According to CNN’s publication of the 2010 Midterm Election exit polls, 31 percent of gay, lesbian, and bisexual voters chose Republican candidates. GOProud, a political advocacy group that represents gay conservatives, recognizes the wrong-headedness of the assumption that non-heterosexual Americans vote liberal. GOProud’s recent co-sponsorship of the annual Conservative Political Action Conference last month introduced some diehard conservatives to a reality check—gay conservatives deserve a seat at the political table.
GOProud carves out a unique structural hole in both the conservative and gay political worlds. Christopher R. Barron and Jimmy LaSalvia, who both have held Log Cabin Republican directorships, founded GOProud in 2009 after arguing that Log Cabin Republican interests were too narrow and played handmaiden to liberal activists.
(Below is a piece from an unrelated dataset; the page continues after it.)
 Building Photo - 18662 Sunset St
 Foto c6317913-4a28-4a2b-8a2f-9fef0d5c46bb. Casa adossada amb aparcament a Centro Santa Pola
GOProud ensures that gay conservatives have a seat at the table beyond representing LGBTQ rights, though some have criticized the organization for being too conservative. Indeed, unlike the Log Cabin Republicans, GOProud believes that state-level voters should decide marriage policy and argued that the Employment Non-Discrimination Act, which aims to protect non-heterosexual Americans, usurps state rights.
But rather than welcome a new addition to the conservative family, a small handful of conservative organizations pulled out of CPAC partly due to the inclusion of GOProud.
Traditional organizations justifiably maintain that the public purpose of marriage is to connect every child to a father and a mother and that marriage is inherently conjugal. But given their recent history, it is ironic that the very same traditional marriage advocates who have recently been marginalized in the public sphere sought to do the same to gay conservatives on conservative home turf.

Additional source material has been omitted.